White sturgeon are the latest fish species to experience a population crash in the Columbia estuary. This is terrible news for sturgeon, for the ecosystem and for many local people who count on sturgeon for food, recreation and economic opportunity.
In 2012, the combined total catch for sport and commercial fishermen will be 9,600 in the regulation length range of 38 to 54 inches, down from a harvest of 14,488 in 2011. Per long-standing rules, larger breeding adults and immature smaller fish must be released. This 38 percent cut follows a 30 percent reduction last year and a 40 percent cut in 2010.
To a certain extent, a dilemma over sturgeon management is a logical side effect of the transfer of fishing interest to this species in the midst of the worst years of the salmon crisis in the early 1990s. In this, the current situation resembles similar circumstances worldwide in which fisheries experience problems in sequence - as pressure is shifted from preferred targets like salmon to formerly secondary species like sturgeon.

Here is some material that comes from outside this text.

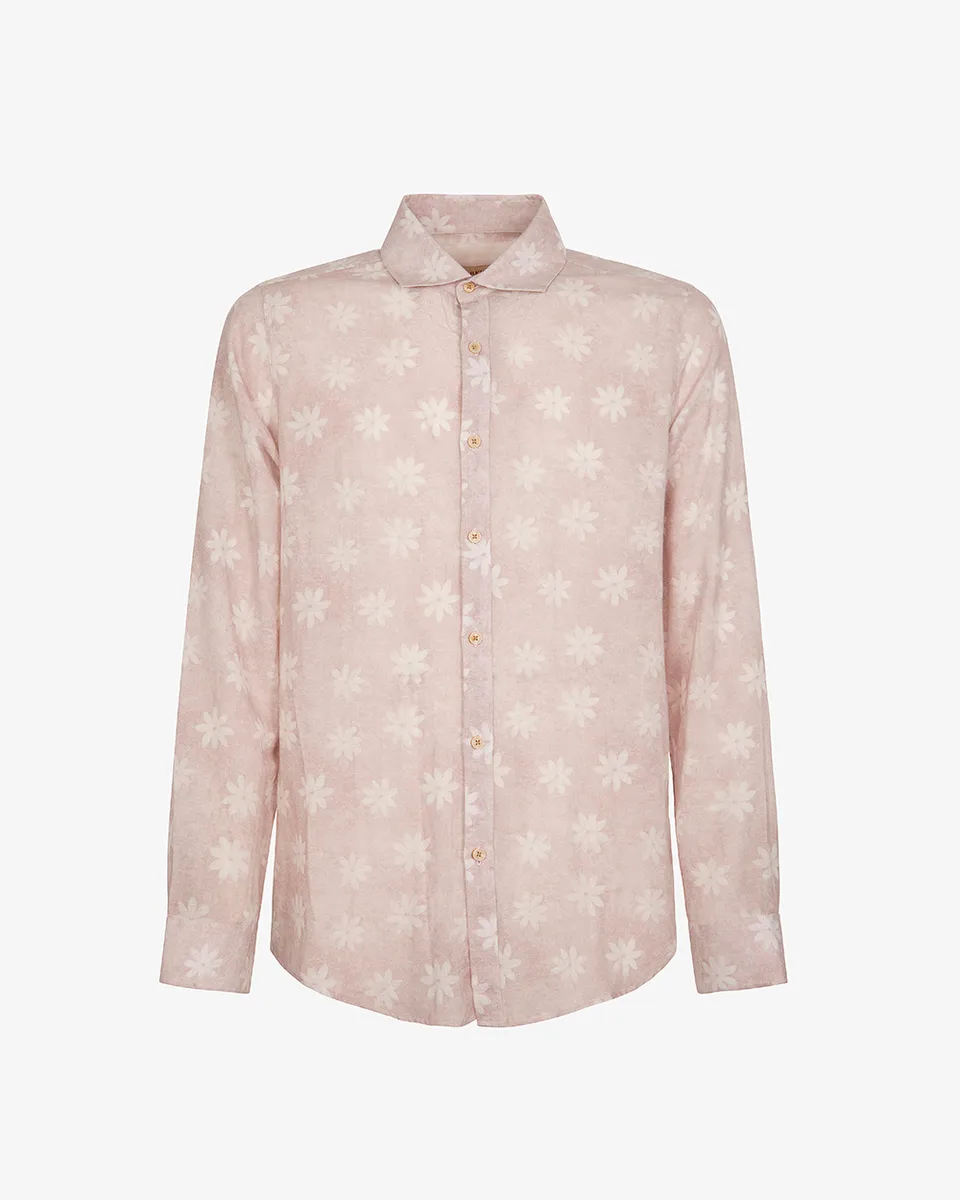 Markup Uomo Camicie Camicia cotone e lino stampata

Sturgeon also confront additional challenges at the very time we humans have become more interested in catching and eating them. The two factors that are most highlighted are predation by Steller sea lions and a crash in smelt and lamprey that are key menu items for sturgeon.
Stellers have discovered the mass of sturgeon that congregate below Bonneville Dam and treat this barrier as an "all you can eat buffet." Enjoying federal marine mammal protections and avid support by the Humane Society, these sea lions also eat, maim and kill sturgeon in other areas of the lower river, out of sight of observers.
The drop in smelt and lamprey numbers is a serious crisis in its own right, beyond its impact up the food chain on sturgeon and humans. Changes in ocean chemistry, dams, loss of habitat, historic harvest practices and other issues all play a part. It will be a long-term project restoring their viability as local species.
In the short and medium term, hatcheries may represent a partial answer to the sturgeon shortfall, with upriver treaty tribes already moving ahead. On the lower river, such an approach obviously must be carefully examined to make certain there is enough food to support extra sturgeon, and to make sure hatchery sturgeon don't merely feed more sea lions.
In the longer term, we must continue looking for better ways to restore the natural functionality of the river. Much of this situation stems with the original lack of careful thought given to mitigating and avoiding the damage caused by the hydropower system. It has since improved, but there is still a long way to go.